At Jayaram, we use a teams-based approach to provide staff with the support requisite to excel. The firm encourages production in ways that properly incentivize each employee based on their individual needs and goals. These benefits and incentives are not necessarily financial. They can come in the form of the ability to work remotely; wellness and mental health programs; personal development training; flexibility to work in areas of interest; greater autonomy over work product; public recognition and appreciation; and team support to prevent burnout. Opting to jettison the traditional “yearly performance review,” the firm implements a system of regular 1:1 meetings with an aim to (i) clearly define and redefine core employee job duties, (ii) communicate required standards of performance transparently and (iii) articulate citizenship behaviors that count toward bonus and other forms of compensation.

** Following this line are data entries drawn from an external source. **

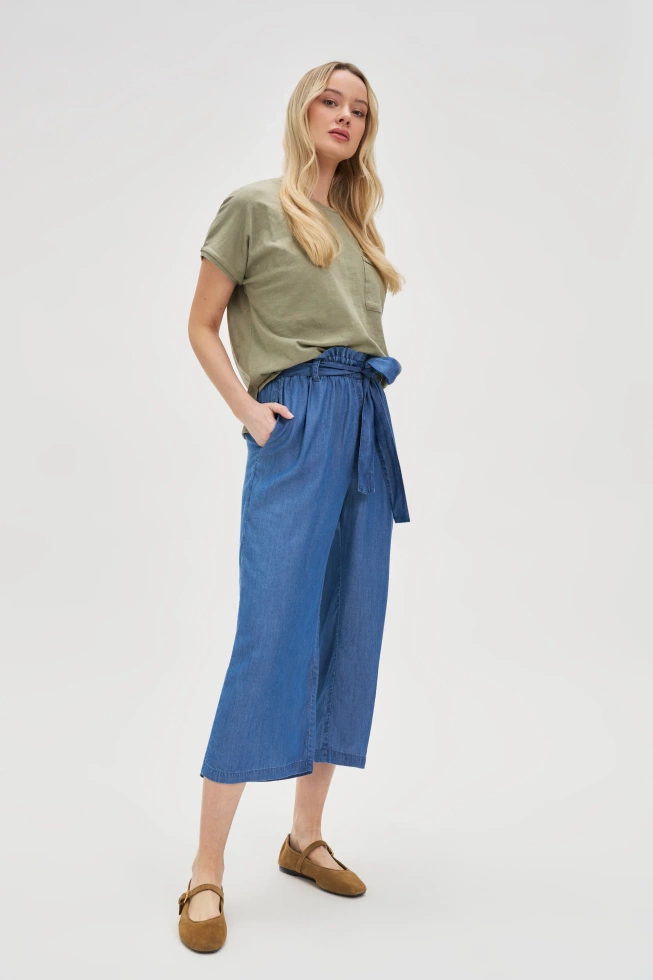WOMEN'S PANTS L-SP-4618 BLUE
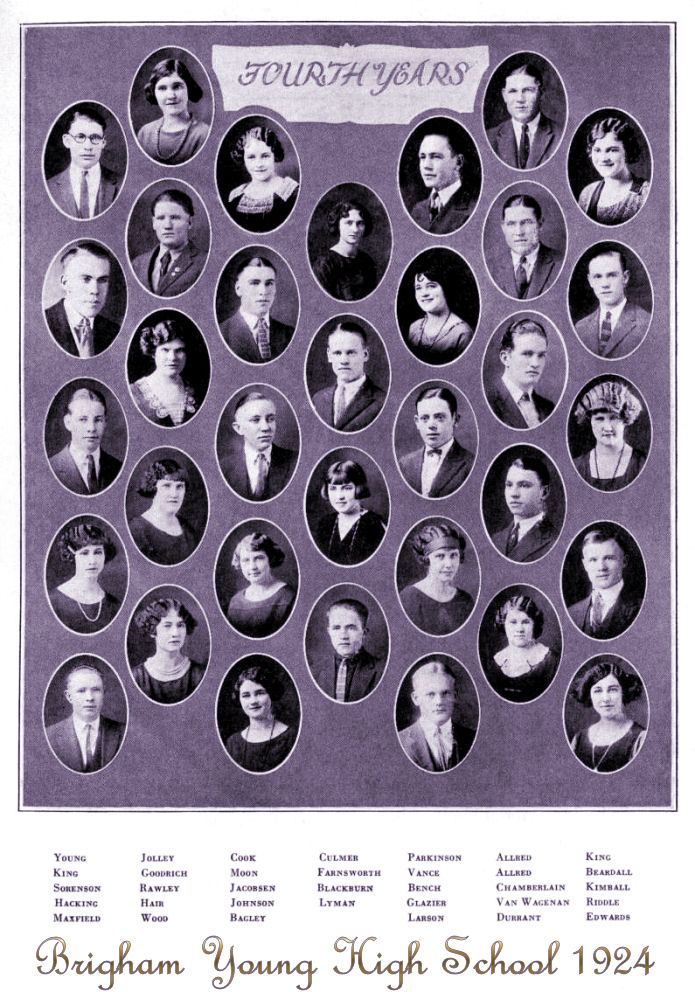 The Class of 1924 of Brigham Young High School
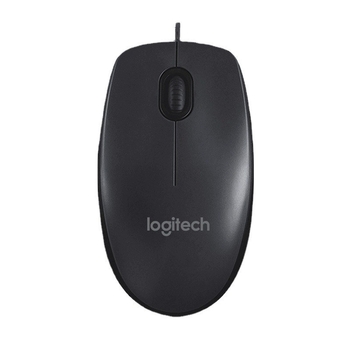 Logitech M90 ποντίκι USB οπτικό, 1000 DPI, 3 κουμπιά, ενσύρματο, Plug-and-Play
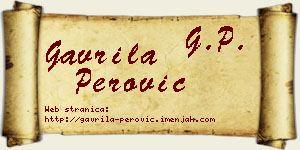 Gavrila Perović vizit kartica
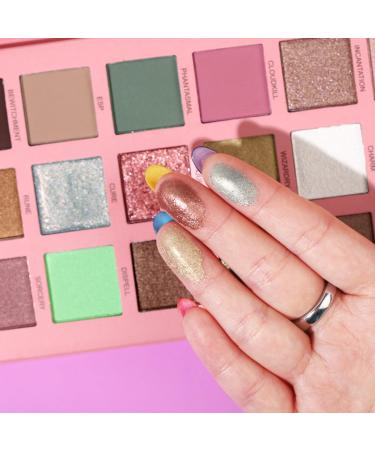 18 Colors Eyeshadow Palette & Brush Set High Pigmented Makeup Kit for Women & Teens | MAGIC SPELL KIT - Buy Online on GoSupps.com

As a firm, we actively solicit this information and are committed to using the findings to invest in our employees in tangible ways that encourage participation. This approach is important for all employees, but it’s critical with respect to marginalized groups that have understandable anxieties regarding acceptance and value in the workforce. A culture of open and transparent dialogue with employees, constructive feedback and safe spaces for expressing diverse perspectives is central to Jayaram’s core values and ethos.
When properly incentivized and supported, employees can take a proactive role in their own happiness by Consciously Committing to their work in the face of higher performance expectations. As a hallmark of our firm’s services, Jayaram attorneys are committed to understanding the problems and goals of our clients to help provide the very best legal services and solutions. As a corollary, we encourage partners and associates to Consciously Commit to the firm and each other by viewing their relationship as one of mutual customers in a community held together by shared core values, rather than through an antiquated employer/employee lens. From this vantage, both sides have increased incentive to understand and better service the needs of their respective “customers”.

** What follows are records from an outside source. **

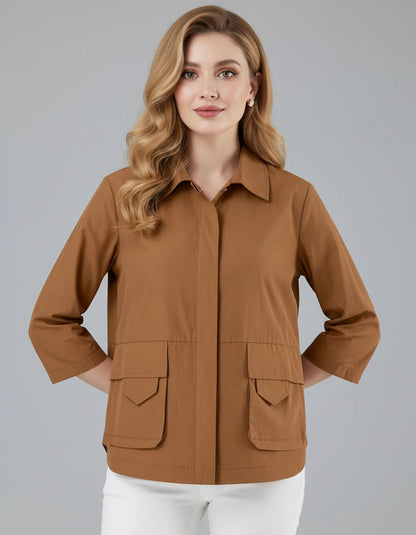 Bevelle Jackets — Brown | SKU: RB-d15e67-brown-XS,RB-d15e67-brown-S,RB-d15e67-brown-M,RB-d15e67-brown-L,RB-d15e67-brown-XL,RB-d15e67-brown-2XL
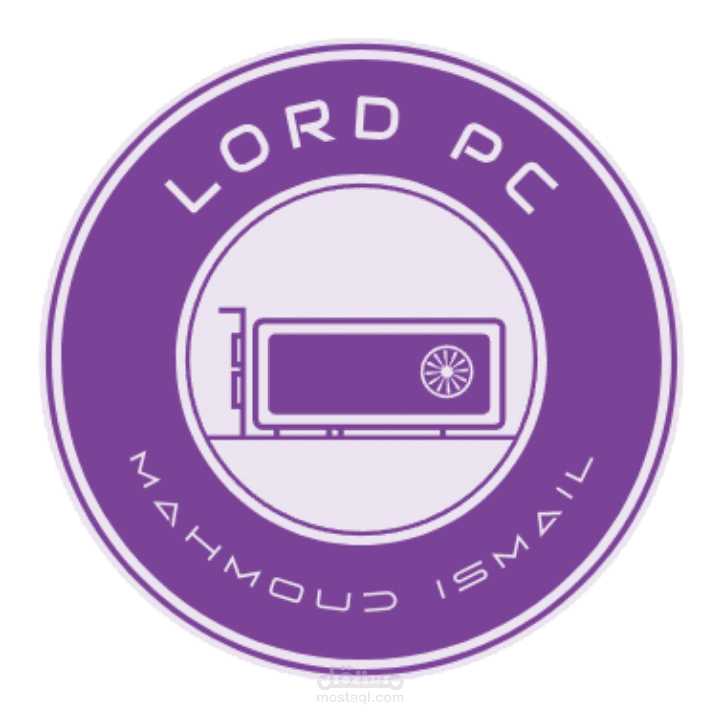 تصميم لوجو لشخص يعمل بمجال الكمبيوتر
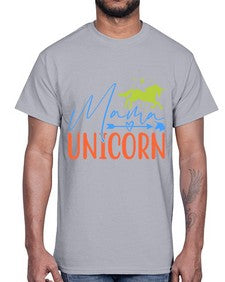 mama unicorn 297#- unicorn- Cotton Tee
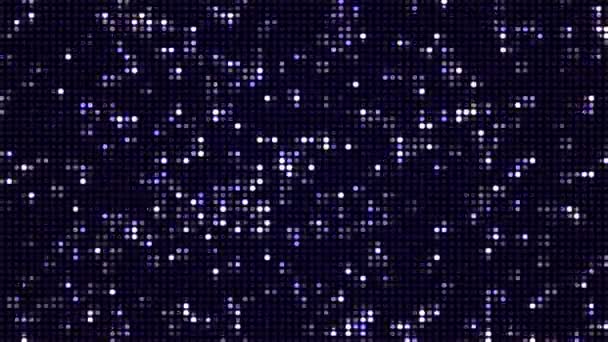Achtergrond Met Draaiende Lichten Pixel Achtergrond Afbeeldingen — Stockvideo
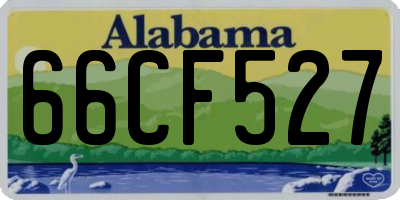 AL license plate 66CF527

As we begin to see our employees and employers as clients, we can build the trust that is required to facilitate a healthy and successful work environment—one that properly aligns incentives and promotes engagement at reduced cost and increased benefits for both the employee and employer. Achieving this balance allows our firm to not only support employee efforts, but also promote excellence through shared experience and diversity of thought. It is our aim to cultivate employees who are motivated to “raise their hands the highest the first time” and use their voice to inspire and innovate.